Provided information
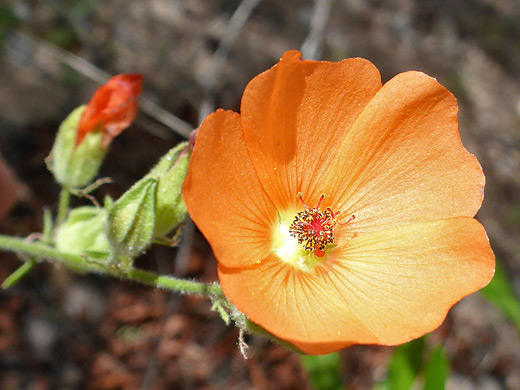 Rusby's Desert-Mallow; Large, orange flower of sphaeralcea rusbyi, Lower Fish Creek, Superstition Mountains, Arizona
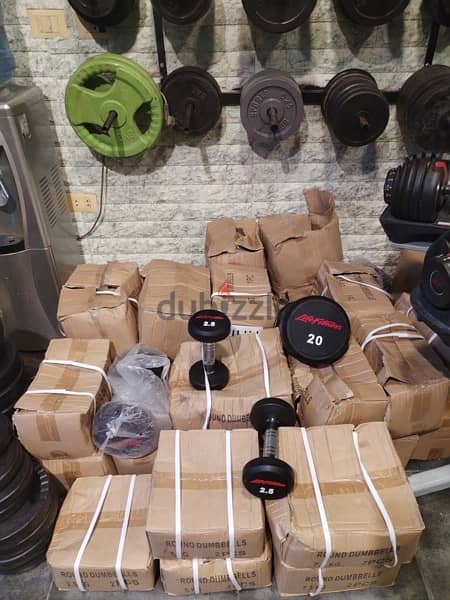 dambels new best quality in very good price 70/443573 RODGE 4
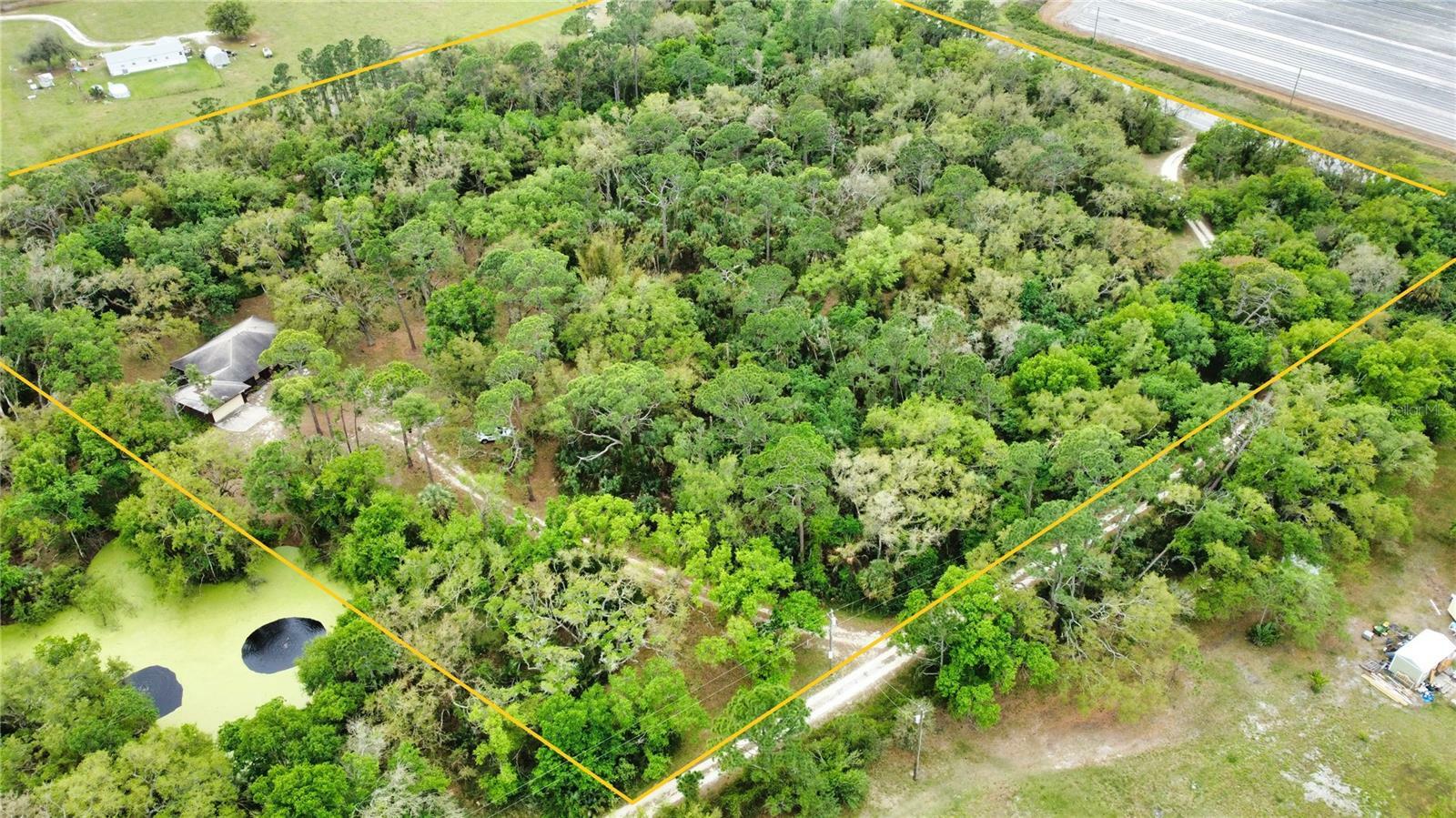 Property Photo:  5826 SE County Road 763  FL 34266 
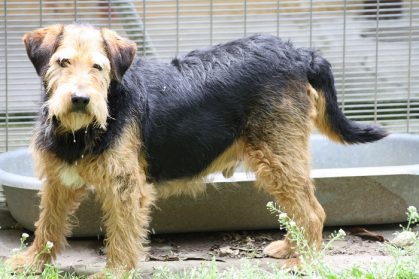 BENNY - x fox 14 ans ( 14 ans de refuge) de Gueugnon (71) au SGPA à Bernex (Suisse) Benny-419x279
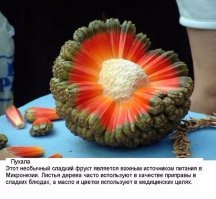 10 экзотических фруктов, о которых вы, может быть, даже не подозревали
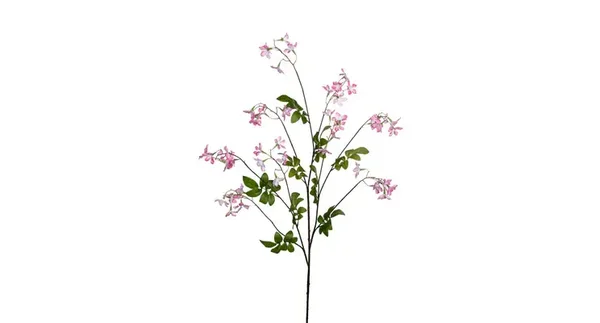 Stephanotis Roze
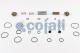 Cojali 6014460 - KIT DE REPARACIÓN VÁLVULA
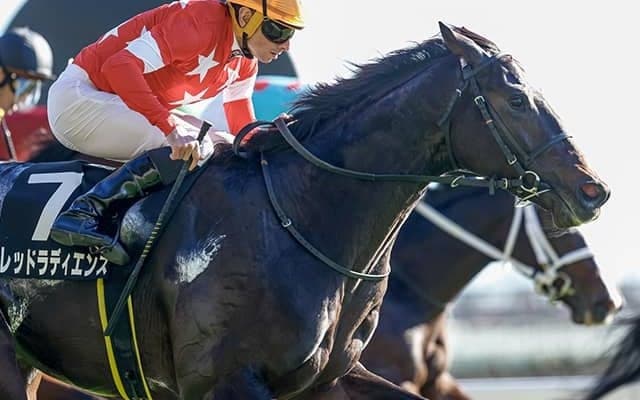 【ベゴニア賞結果】R.ムーア騎手騎乗レッドラディエンスが追い比べを制す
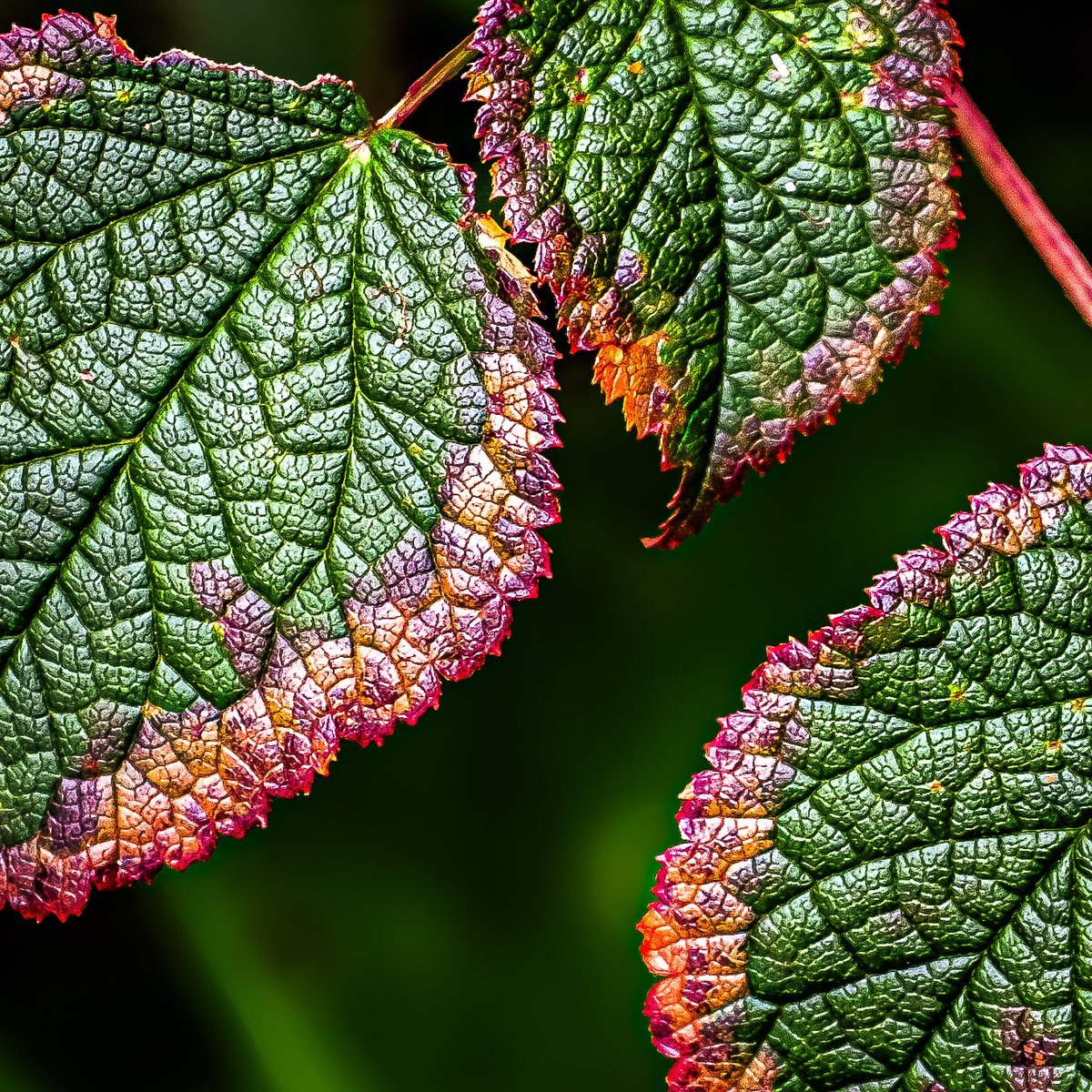 Paul Inman FRSA tweet media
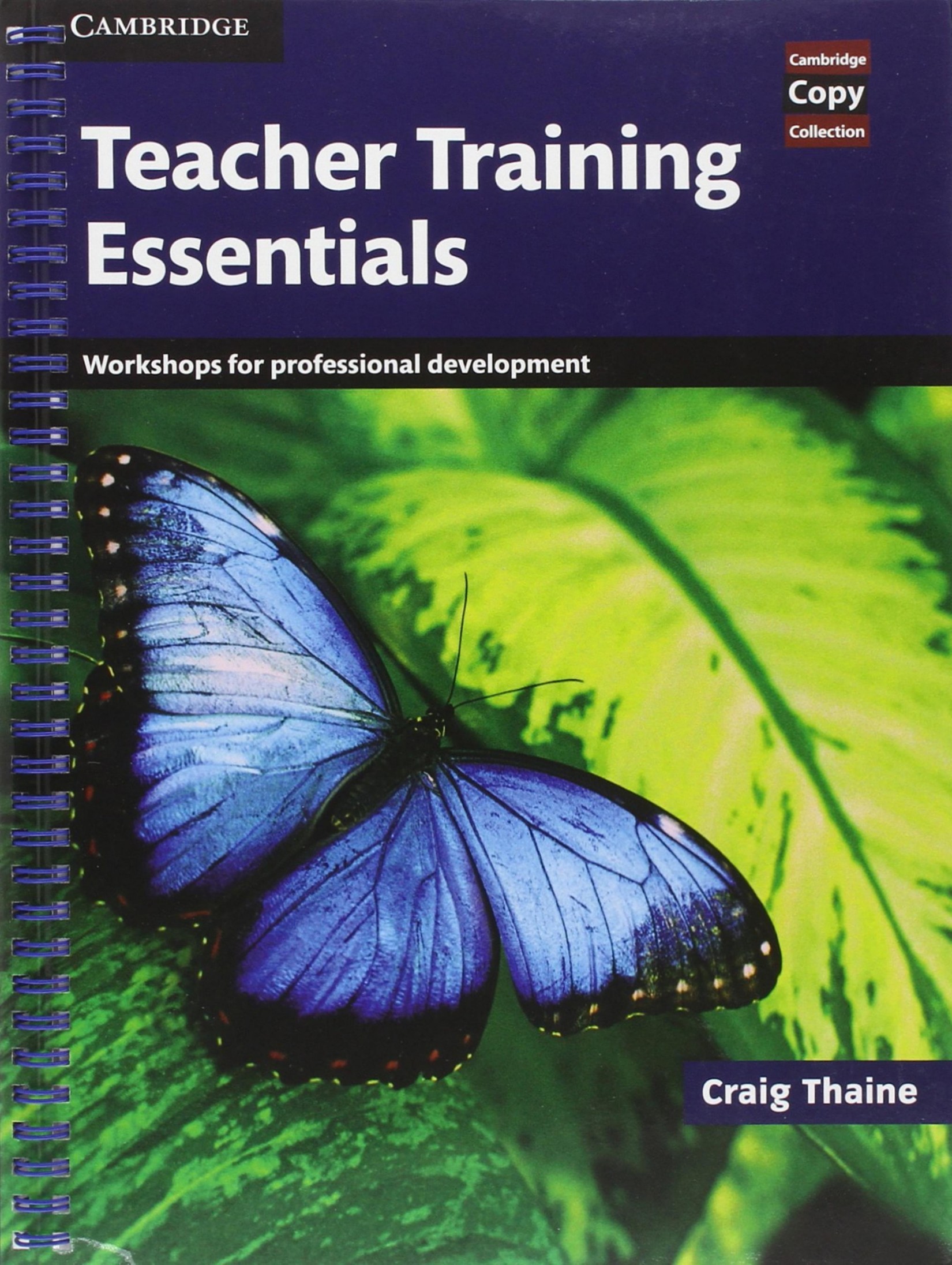 Teacher Training Essentials. Workshops for Professional Development  2016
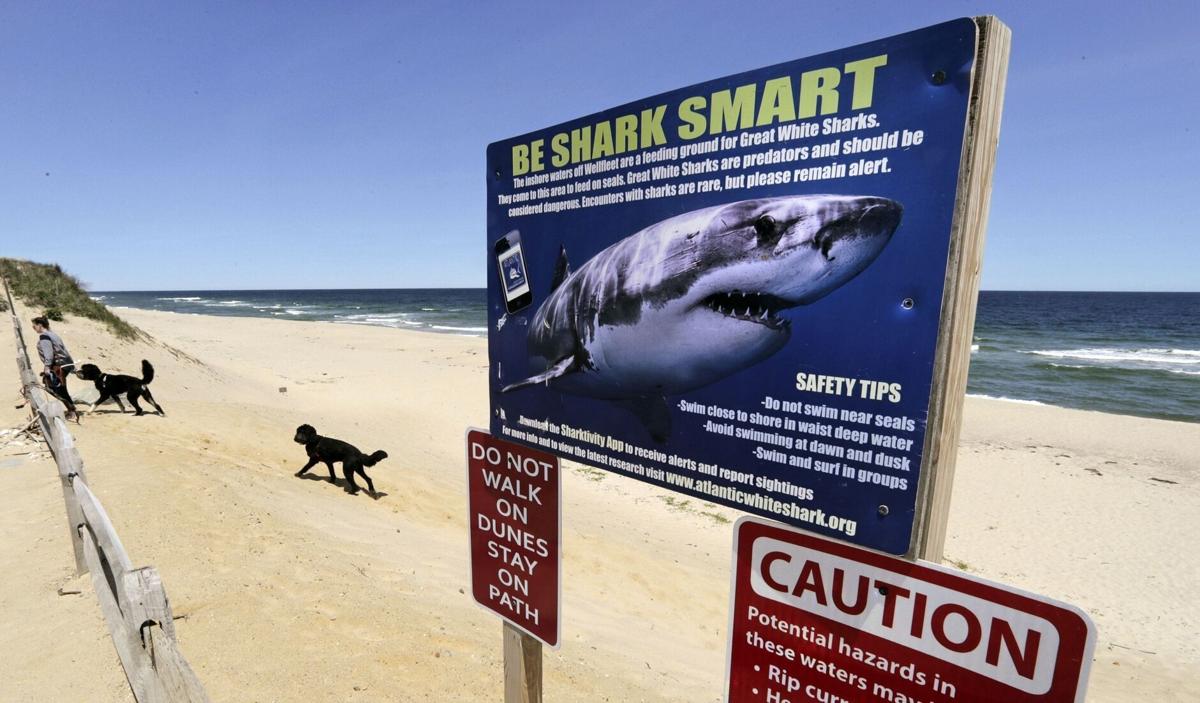 Baby Shark' Has Crashed Into the Pop Charts. How Did It Get There? : NPR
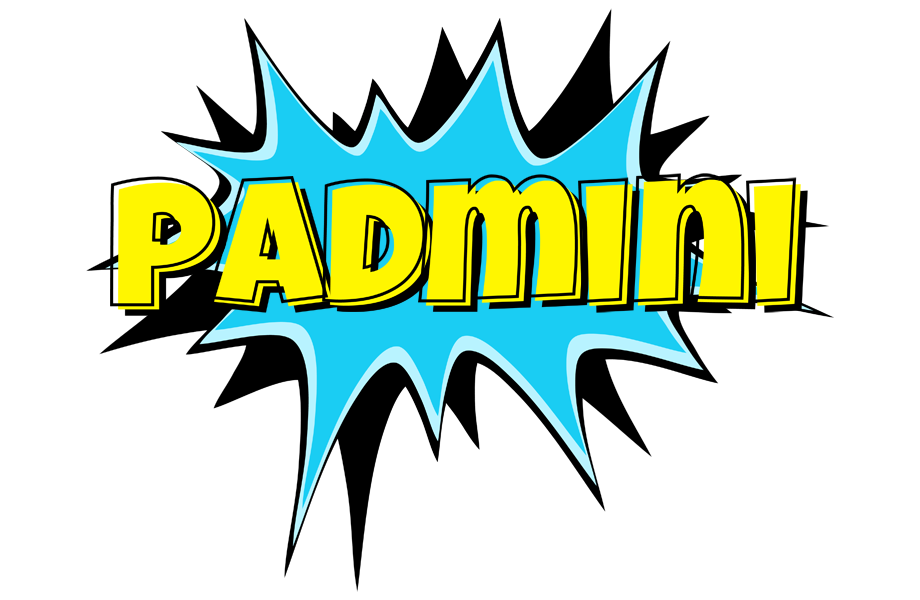 Padmini amazing logo
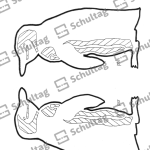 Vorschaubild von Arbeitsblatt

Activity
Up to and including the line that holds "Stephanotis Roze", restate word for word each line of the records from their start, and only those lines, leaving out the pictures.

Completed exercise
 Rusby's Desert-Mallow; Large, orange flower of sphaeralcea rusbyi, Lower Fish Creek, Superstition Mountains, Arizona
 dambels new best quality in very good price 70/443573 RODGE 4
 Property Photo:  5826 SE County Road 763  FL 34266 
 BENNY - x fox 14 ans ( 14 ans de refuge) de Gueugnon (71) au SGPA à Bernex (Suisse) Benny-419x279
 10 экзотических фруктов, о которых вы, может быть, даже не подозревали
 Stephanotis Roze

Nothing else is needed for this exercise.